Dopo un momento di buio, il sipario si apre sull’interno della cattedrale. In primo piano, i quattro cavalieri sono immobili nell’ombra. I sacerdoti, accompagnati da un commento musicale, pregano il novello martire. Sullo sfondo entra l’araldo che porta una stanga con in alto l’emblema dell’agnello, mentre tra la fila dei cavalieri e quella dei sacerdoti si inseriscono le donne che recitano le battute iniziali dell’ultimo coro ricorrendo allo stesso effetto ad eco del prologo. Sulla musica trionfale di trombe e tamburi dell’inizio si fa buio in scena.
Da quanto visto sopra, per la messinscena di Assassinio, della durata totale di due ore e dieci minuti, Ceroli crea «in modo stilizzato e insieme suggestivo»798 un unico, imponente interno di cattedrale gotica, che pare suggerito da certi schizzi neogotici di John Ruskin. L’intrico di ogive e la fuga di colonne che determinano il volume dello spazio sacro vengono di volta in volta posizionate diversamente nelle varie scene, creando così un vivace gioco di prospettive ineguali, più ristrette al primo piano o maggiormente aperte sul fondale, a seconda del luogo e del momento narrativo della tragedia e della sua valenza semantica. Per realizzare la scenografia Ceroli si avvale esclusivamente del pino di Russia e delle sue tonalità chiare, che creano contrasti netti con il fondale nero, con un effetto luministico già ricercato dallo scultore a livello bozzettistico (fig. 6). A proposito delle luci, la scarsa qualità della videoregistrazione impedisce di compiere un’analisi precisa. Tuttavia si può affermare che all’interno della cattedrale prevale un’illuminazione fioca, caratterizzata talvolta da lame di luce oblique che attraversano la scena similmente a quanto accade realmente all’interno delle chiese gotiche e a quanto cercato dall’artista nel bozzetto.

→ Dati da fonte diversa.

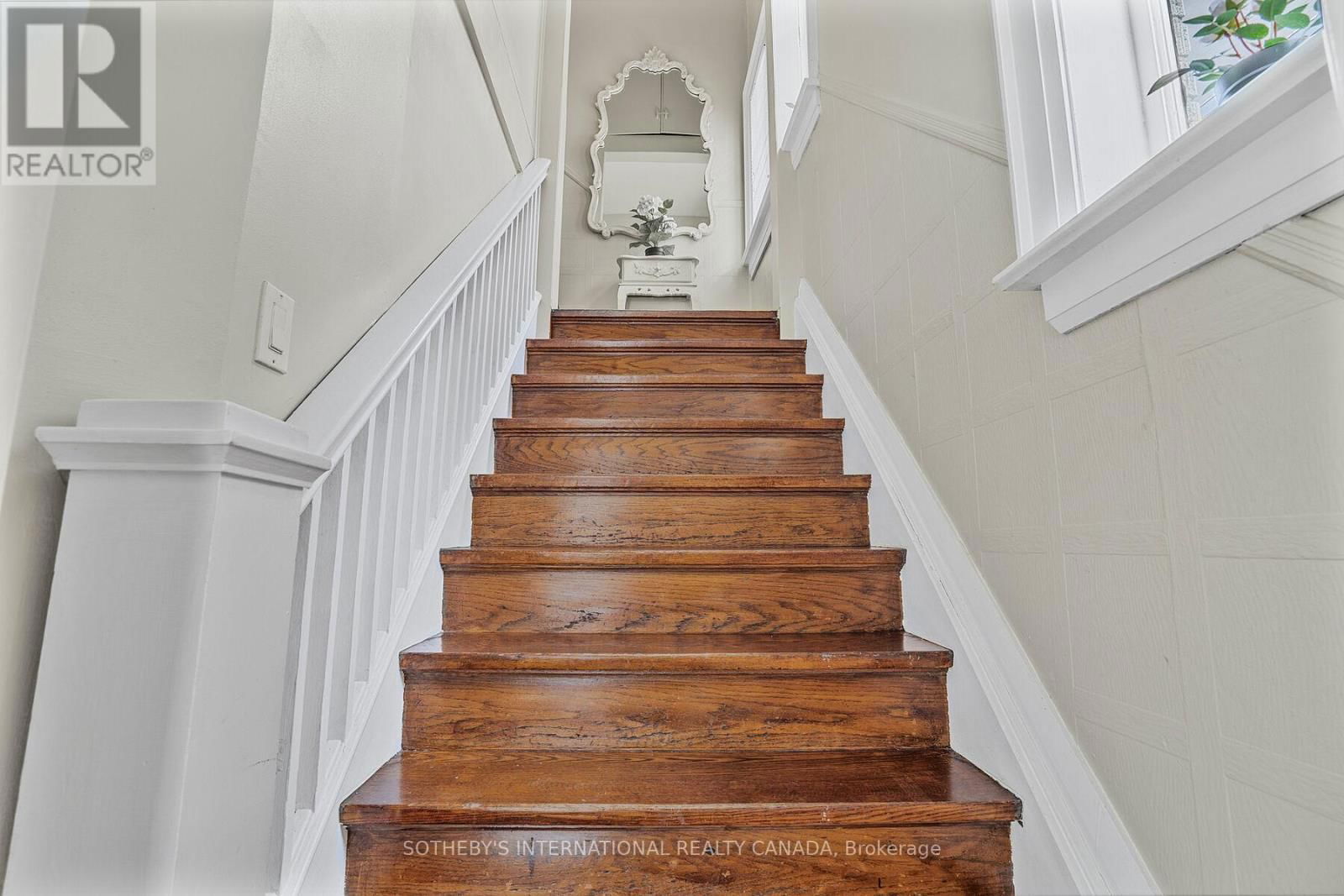 12 BELSIZE DRIVE Image 24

Dall’analisi di quest’ultimo e dal suo confronto con la messinscena, si nota che le figure umane disegnate all’interno di cornici a sesto acuto appese ai costoloni, nella realizzazione scenica sporgono all’altezza degli attacchi degli archi sulle colonne sottoforma di sagome tipicamente ceroliane, che Gavazzi definisce «angeli in legno chiaro»799.
In legno sono pure lo scranno di Tommaso e il pulpito dal quale lo stesso recita l’omelia del giorno di Natale, realizzati appositamente da Ceroli per questa messinscena con motivi e decorazioni in stile gotico.

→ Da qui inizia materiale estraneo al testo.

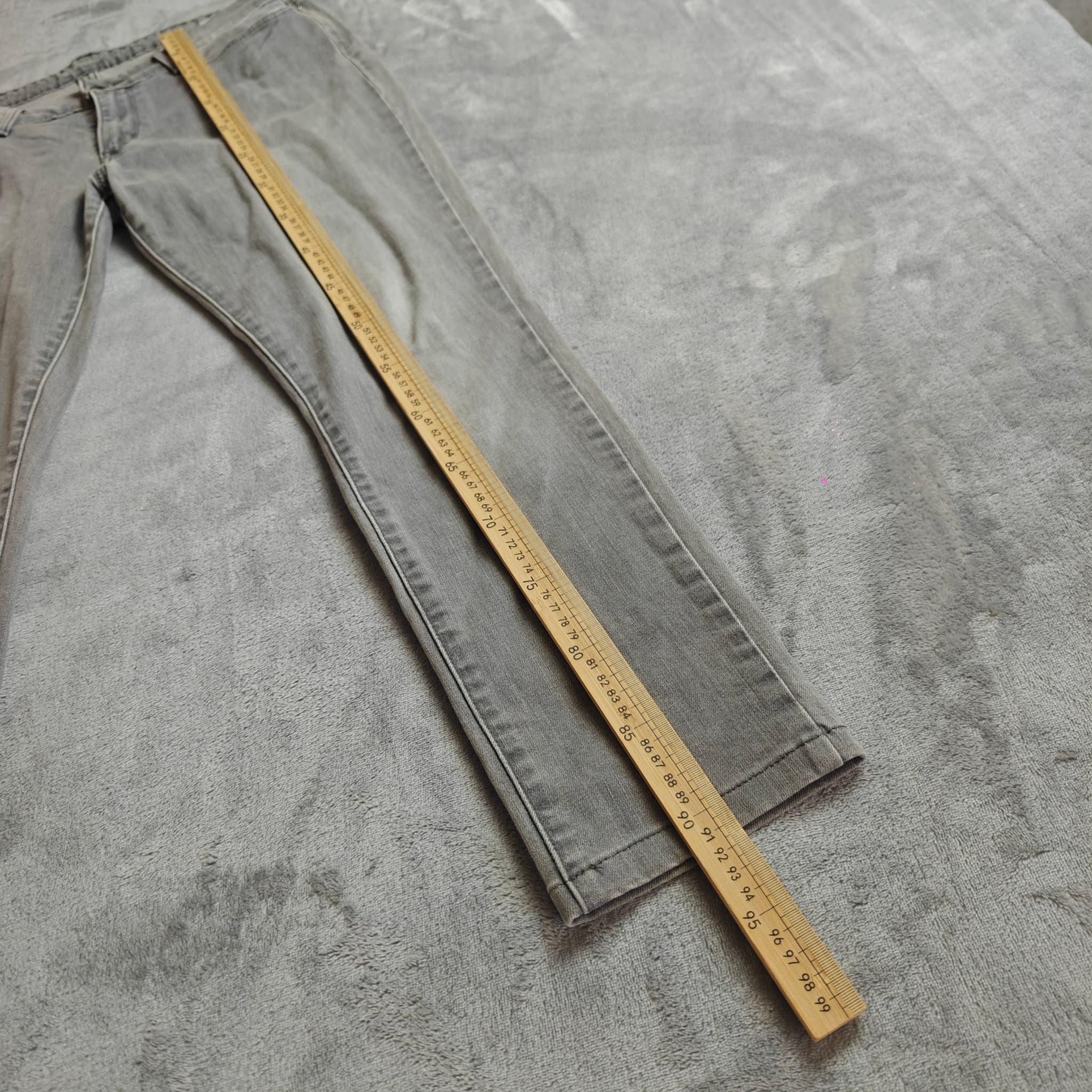 Levi's Women's Demi Curve Modern Rise Skinny Jeans Grey Size 31 — photo 6 of 8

Nel corso della rappresentazione teatrale, talvolta gli spazi all’interno della cattedrale vengono delimitati da inferriate, unico elemento diverso dal legno in tutta la scenografia. Per permettere i cambi di scena, inoltre, un pesante sipario di cuoio si chiude a delimitare una stretta striscia del proscenio, utilizzata prevalentemente dal coro delle donne.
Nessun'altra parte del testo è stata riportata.